YOUR SOLIN GENERATED RECIPE
Crispy Sweet Potato Wedges with Turkey Bacon Crumbles
Enjoy a satisfying meal featuring oven-roasted sweet potato wedges seasoned with garlic and herbs, paired with crispy turkey bacon crumbles and a savory egg medley, all complemented by a refreshing nonfat Greek yogurt dip. This dish delivers a balanced combination of textures and a burst of flavors that make it a versatile option for breakfast, lunch, or dinner.
INGREDIENTS
1 medium Sweet Potato
5 slices Turkey Bacon
1 large Egg
1 large Egg White
1/2 cup Nonfat Greek Yogurt
1 teaspoon Olive Oil
1 teaspoon Garlic Powder
Pinch of Salt
Pinch of Black Pepper
Pinch of Dried Parsley
PREPARATION
Preheat your oven to 425°F (220°C). Peel and cut the sweet potato into wedge-like strips.
In a bowl, toss the sweet potato wedges with olive oil, garlic powder, salt, and black pepper until evenly coated.

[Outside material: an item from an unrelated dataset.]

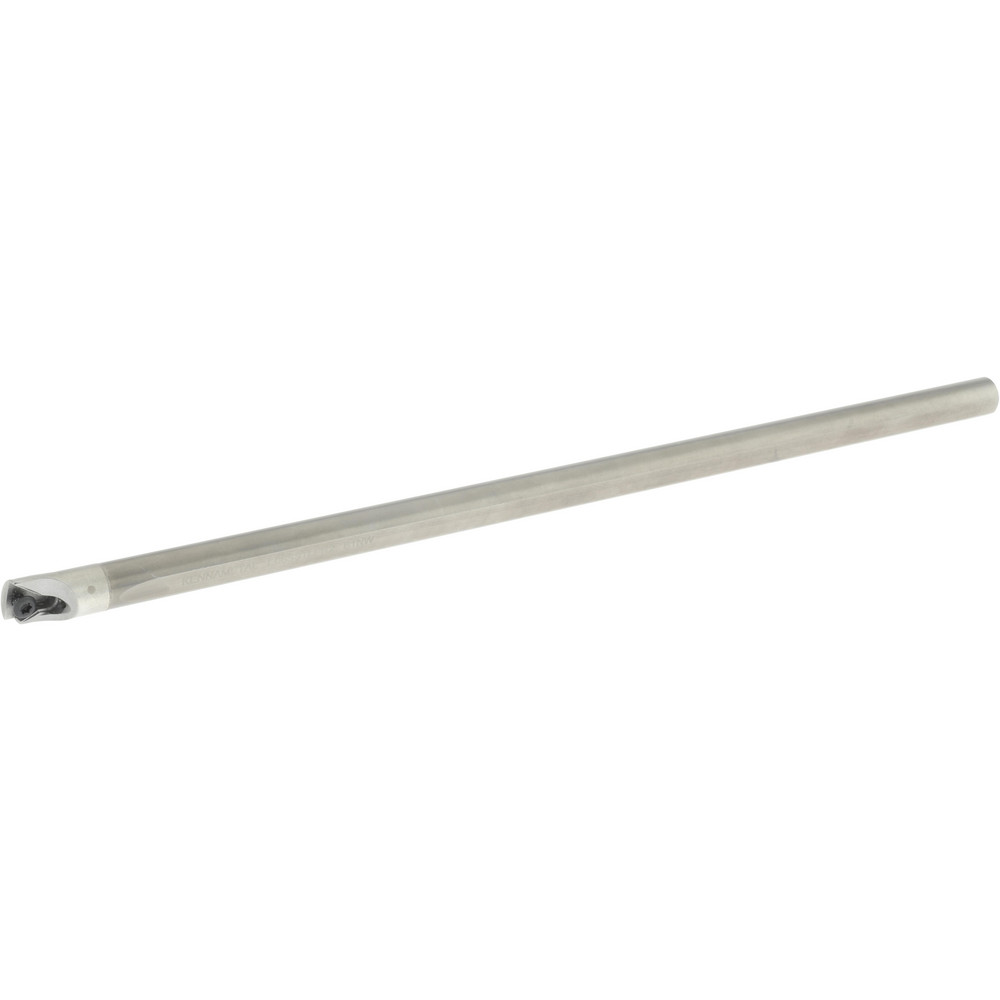 Hertel Indexable Boring Bar: HBBQ-C375R5-10.0-438, 0.4380" Min Bore, Right Hand, Solid Carbide - H59870147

Spread the wedges on a baking sheet in a single layer and bake for 25-30 minutes, turning halfway, until crispy and tender.
While the wedges are baking, cook the turkey bacon in a skillet over medium heat until crispy. Remove and let cool, then crumble into bite-sized pieces.
In the same skillet, lightly scramble the whole egg and egg white until just set.
For the dip, stir the nonfat Greek yogurt with a pinch of dried parsley.
Plate the crispy sweet potato wedges, top with turkey bacon crumbles and scrambled egg, and serve with the Greek yogurt dip on the side.